BAKAN GÜL: BAYANA ŞİDDETİ, İNSANLIĞA İHANET OLARAK TANIMLIYORUZ
Adalet Bakanı Gül ise bayana yönelik şiddetin tüm dünyada olduğu üzere Türkiye’de de çözülmesi gereken en kıymetli mevzulardan biri olduğunu belirterek, “Bu şiddet, toplumun yalnızca bir bölümünü değil toplumun her bölümünü direkt ilgilendiriyor. Yalnızca fizikî, ekonomik, ruhsal tesirlerden de öte toplumsal dokuyu zedeleyen sonuçlar çıkıyor. Bayana karşı şiddetin hiçbir münasebeti olamaz. Bayana karşı şiddeti insanlığa ihanet olarak tanımlıyoruz. Şiddeti legal göstermeye çalışan her davranış karşısında olmaya devam edeceğiz” dedi.
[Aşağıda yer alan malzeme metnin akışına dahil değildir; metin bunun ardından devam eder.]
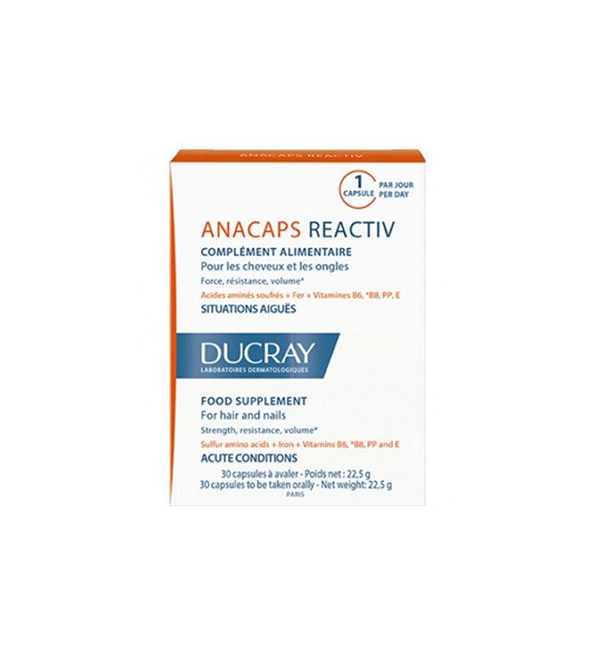 DUCRAY ANACAPS REACTIV 30 CAPSULES – BEAUTYMARKET.MA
2019 yılı ile kıyaslandığında 2020’de önlem kararlarında yüzde 20’lik artış yaşandığını belirten Bakan Gül, şunları söyledi:
“Bu kararların değerli bir kısmını de önleyici önlem kararları oluşturmaktadır. Tekrar şiddetin tekrarlanma riskinin fazla olduğu, öbür önlemlerin mağduru muhafazada yetersiz kaldığı anlaşılan durumlarda da elektronik kelepçe uygulamasına gidilmektedir. Bu konuda yüzde 137 oranında artış gerçekleşmiştir. 2020 yılında yargıçlarımız tarafından 78 mağdurun kimlik bilgilerinin değişikliği, tekrar 374 mağdurun da iş yeri değişikliği kararını vermiş, mağdurların tekrarlanan şiddetten korunması amaçlanmıştır. Bilhassa aksiyon planında üzerinde çalışılan başlıklardan biri, ısrarlı takibin farklı bir kabahat olması ve cezanın artırılması istikametinde. Bakanlık olarak bu mevzuda çalışmalarımız ve talebimiz kelam konusu olacaktır. Bu da bilhassa bayanların ısrarlı takip üzere asla kabul edemeyeceğimiz bir fiile maruz kalmasını önlemek ismine çok değer verdiğimiz bir başlıktır. Bizim için problem bir istatistik sıkıntısı değildir. Bizim için problem bir onur problemidir, adalet sıkıntısıdır. Bir kişi bile olsa şiddete, haksızlığa kim olursa olsun maruz kalmasının önlenmesidir.”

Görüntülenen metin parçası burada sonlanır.